MUMBAI - India's commodity exchange
markets, where trading volume has ballooned
50-fold in barely five years, could shrug off a
recent drop in business and almost double in size
within the next two years, according to a report.
The market, which has grown to US$858
billion in 2007 from $16.9 billion in 2002, could
expand to $1.8 trillion by 2010, the Associated
Chambers of Commerce and Industry of India and
market researcher Evalueserve say in the January
20 report. Commodity exchanges let traders take
direct possession of commodities or exchange
contracts for future delivery with related
activities in derivatives similar to stock
markets.
The country last week became the
first in Asia to offer trading in
carbon credits - an exchange
of cash for costs saved from using
environmentally-friendly practices and products.
The innovation by Multi Commodity Exchange of
India Ltd (MCX), one of the country's three
leading exchanges, puts it in an elite group along
with the Chicago Climate Exchange and the European
Climate Exchange.
As an agriculture-based
economy, India has had commodities trading
exchanges dating to the Bombay Cotton Trade
Association Ltd, established in 1875. Three large
exchanges - MCX, the National Commodity and
Derivative Exchange (NCDEX) in Mumbai, and
Ahmedabad-based National Multi Commodity Exchange
of India - now lead a sector revival after a ban
on futures trading in most commodities was lifted
in 2003. The big three are joined by more than 20
smaller exchanges - compared with about 300 before
World War ll - that operate around the country
trading in about 100 commodities.
"Earlier, we had small regional exchanges
for commodity trading, but with the setting up of
three online national exchanges, the commodity
market was made open to the whole country," said
Prabhakar Patil, a director of the regulator, the
Forward Markets Commission (FMC). "We have seen an
80-90% increase in trading volumes since 2003."
More than agricultural goods such as
grains, cotton, coffee and spices are traded.
Precious and non-precious metals such as gold and
ores and energy products such as coal and oil also
attract commodity exchange business.
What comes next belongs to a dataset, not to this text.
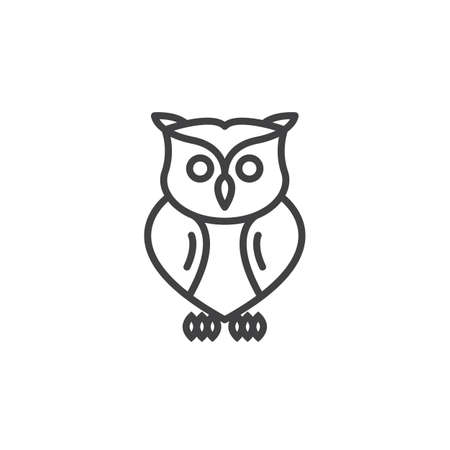 Owl line icon, outline vector sign, linear pictogram isolated on white. Symbol, logo illustrationのイラスト素材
NCDEX at
present facilitates trading in 57 commodities and
has pledged to expand the range. That goal is
expected to be eased as the markets push for less
red tape and try to reduce government concerns
that block foreign direct investment in commodity
exchanges.
Foreign companies are at
present permitted only as shareholders in
commodity exchanges - Goldman Sachs and European
energy trading major Intercontinental Exchange are
invested in NCDEX and Merrill Lynch in MCX. More
foreign participation will be gradually allowed,
starting with non-agricultural products, according
to the FMC.
The government this week
granted the FMC more autonomy, similar to that
enjoyed by the stock exchange regulator, the
Securities and Exchange Board of India. Among
other benefits, that will allow the FMC to take
punitive action against illegal trading.
Expansion of its power comes as the
government has come under attack for its handling
of the market with policies such as ad hoc pricing
and limiting trading volumes in essential
commodities.
Business World, a leading
business weekly, reported a 60% drop in trading
volumes in the last fiscal year that it linked to
the government's policies. The FMC, dismissing the
figures, said trading volumes fell only 0.8% in
the period.
The government in January
banned trading in the major commodities of
urad (a type of bean), tur (a pea
and like urad an ubiquitous element of
Indian cooking), rice and wheat, fearing that
speculative trading contributed to food-price
inflation of more than 11%.
Commodity
trading experts reject any such linkage, pointing
out that India has strict upper limits in
commodities trading, such as allowing trading of
only 15,000 tonnes of urad and tur,
or 1.5% and 0.6% of annual production.
India produces 28 million tonnes of sugar,
yet the government imposes a ceiling of 10,000
tonnes per trader, which critics say limits
hedging, affecting both farmer and consumer by
preventing better prices to be obtained amid
fluctuations in demand and supply.
"We
wanted to keep a narrow band since the number of
participants are small," said Patil of the FMC.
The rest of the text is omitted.